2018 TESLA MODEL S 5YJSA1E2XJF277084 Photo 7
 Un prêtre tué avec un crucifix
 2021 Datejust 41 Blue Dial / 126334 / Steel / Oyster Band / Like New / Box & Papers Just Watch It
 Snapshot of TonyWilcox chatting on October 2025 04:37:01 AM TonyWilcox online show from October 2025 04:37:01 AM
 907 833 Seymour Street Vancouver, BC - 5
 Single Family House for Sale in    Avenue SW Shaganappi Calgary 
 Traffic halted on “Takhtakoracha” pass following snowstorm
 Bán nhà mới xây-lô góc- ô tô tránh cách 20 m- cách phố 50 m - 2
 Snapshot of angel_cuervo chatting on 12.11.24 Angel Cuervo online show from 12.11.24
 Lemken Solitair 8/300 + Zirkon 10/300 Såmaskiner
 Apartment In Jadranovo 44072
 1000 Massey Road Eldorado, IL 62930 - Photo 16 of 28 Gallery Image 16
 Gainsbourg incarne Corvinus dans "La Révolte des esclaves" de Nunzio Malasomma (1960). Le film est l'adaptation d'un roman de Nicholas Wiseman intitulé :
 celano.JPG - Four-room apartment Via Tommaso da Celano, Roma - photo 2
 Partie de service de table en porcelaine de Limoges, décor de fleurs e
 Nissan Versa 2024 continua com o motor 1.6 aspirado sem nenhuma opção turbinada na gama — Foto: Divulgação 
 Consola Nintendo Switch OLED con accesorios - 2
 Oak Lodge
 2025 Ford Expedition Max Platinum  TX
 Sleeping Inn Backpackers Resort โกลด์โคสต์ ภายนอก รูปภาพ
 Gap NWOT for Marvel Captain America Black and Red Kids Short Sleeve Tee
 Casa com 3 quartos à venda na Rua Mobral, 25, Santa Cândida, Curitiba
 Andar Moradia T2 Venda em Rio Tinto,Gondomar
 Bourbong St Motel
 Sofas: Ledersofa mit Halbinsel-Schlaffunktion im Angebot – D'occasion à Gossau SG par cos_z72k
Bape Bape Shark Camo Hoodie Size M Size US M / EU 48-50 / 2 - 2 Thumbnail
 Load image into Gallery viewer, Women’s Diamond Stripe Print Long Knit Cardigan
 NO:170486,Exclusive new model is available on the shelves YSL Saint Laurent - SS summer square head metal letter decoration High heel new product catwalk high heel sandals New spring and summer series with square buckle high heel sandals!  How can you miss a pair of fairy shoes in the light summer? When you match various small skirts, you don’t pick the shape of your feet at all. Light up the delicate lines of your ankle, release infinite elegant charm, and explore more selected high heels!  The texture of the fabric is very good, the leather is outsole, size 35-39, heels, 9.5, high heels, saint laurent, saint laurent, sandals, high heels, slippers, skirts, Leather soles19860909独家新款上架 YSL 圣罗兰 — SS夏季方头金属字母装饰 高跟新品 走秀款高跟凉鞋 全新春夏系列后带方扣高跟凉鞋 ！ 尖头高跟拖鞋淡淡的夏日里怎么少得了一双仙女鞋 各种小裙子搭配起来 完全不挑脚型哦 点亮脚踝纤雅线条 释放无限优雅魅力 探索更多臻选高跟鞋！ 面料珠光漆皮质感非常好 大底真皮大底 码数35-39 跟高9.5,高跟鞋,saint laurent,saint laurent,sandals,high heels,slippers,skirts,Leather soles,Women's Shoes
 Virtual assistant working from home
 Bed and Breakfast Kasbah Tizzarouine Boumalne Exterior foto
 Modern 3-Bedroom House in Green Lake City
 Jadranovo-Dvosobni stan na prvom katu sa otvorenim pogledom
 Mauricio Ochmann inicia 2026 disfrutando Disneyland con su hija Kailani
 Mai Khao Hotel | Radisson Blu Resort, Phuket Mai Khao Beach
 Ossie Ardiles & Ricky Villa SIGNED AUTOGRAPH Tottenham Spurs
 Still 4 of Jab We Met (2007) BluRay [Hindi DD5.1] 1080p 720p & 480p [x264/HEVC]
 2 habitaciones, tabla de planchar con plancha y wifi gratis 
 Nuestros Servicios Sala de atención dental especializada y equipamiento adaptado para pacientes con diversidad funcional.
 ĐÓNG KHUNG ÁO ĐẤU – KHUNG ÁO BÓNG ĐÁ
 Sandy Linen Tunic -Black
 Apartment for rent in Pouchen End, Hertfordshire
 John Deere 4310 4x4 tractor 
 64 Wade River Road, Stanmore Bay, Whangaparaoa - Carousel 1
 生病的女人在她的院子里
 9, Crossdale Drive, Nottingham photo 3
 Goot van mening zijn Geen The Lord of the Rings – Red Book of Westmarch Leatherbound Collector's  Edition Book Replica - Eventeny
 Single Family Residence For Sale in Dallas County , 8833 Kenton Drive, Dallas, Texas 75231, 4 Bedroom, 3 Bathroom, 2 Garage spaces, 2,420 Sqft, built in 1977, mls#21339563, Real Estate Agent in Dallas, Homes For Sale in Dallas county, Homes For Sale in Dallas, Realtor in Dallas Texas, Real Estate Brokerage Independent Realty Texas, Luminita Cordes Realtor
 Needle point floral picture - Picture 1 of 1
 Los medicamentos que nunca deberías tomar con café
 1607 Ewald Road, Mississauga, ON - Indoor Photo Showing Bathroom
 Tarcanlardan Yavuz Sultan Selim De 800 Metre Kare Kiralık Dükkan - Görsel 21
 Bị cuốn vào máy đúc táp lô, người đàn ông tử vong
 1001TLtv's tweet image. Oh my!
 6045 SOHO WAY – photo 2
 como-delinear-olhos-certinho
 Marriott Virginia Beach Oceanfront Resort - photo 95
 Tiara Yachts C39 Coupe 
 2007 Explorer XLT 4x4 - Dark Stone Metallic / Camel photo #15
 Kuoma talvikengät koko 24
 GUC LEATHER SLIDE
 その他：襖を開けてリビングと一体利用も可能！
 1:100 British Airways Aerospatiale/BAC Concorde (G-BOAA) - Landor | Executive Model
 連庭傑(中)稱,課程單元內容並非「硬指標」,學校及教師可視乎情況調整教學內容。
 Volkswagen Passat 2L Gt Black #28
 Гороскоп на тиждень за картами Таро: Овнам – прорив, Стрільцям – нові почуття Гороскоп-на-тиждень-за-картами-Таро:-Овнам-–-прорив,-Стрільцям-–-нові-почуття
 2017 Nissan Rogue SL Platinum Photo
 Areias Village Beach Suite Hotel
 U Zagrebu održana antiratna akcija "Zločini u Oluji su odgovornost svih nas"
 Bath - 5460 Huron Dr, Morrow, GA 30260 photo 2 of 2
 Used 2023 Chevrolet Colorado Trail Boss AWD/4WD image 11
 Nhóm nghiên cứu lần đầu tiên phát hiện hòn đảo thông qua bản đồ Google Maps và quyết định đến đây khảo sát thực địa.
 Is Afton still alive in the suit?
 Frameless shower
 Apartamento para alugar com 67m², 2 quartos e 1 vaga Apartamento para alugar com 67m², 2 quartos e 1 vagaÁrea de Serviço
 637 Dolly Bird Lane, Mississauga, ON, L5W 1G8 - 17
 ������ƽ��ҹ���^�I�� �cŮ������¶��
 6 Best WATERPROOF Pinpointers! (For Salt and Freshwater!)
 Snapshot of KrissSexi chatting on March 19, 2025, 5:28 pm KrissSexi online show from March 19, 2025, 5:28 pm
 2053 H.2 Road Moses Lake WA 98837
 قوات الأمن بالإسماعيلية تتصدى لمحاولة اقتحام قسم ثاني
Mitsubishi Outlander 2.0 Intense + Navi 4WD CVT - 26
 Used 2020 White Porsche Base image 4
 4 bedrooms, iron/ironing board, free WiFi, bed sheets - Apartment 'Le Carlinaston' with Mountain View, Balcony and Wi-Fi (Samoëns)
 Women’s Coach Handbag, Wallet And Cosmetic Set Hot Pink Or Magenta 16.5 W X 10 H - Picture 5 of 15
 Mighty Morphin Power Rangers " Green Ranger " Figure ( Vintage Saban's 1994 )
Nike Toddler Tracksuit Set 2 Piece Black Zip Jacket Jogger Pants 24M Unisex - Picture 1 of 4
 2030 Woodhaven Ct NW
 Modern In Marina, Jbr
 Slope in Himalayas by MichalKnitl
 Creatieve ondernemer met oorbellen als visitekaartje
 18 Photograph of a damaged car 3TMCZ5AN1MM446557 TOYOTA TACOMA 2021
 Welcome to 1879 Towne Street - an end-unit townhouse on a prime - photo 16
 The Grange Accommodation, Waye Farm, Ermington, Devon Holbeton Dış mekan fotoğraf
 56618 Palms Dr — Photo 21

——————

Exercise goal » Report the number of lines in the records above that contain "Picture", with no other text.

Result » 3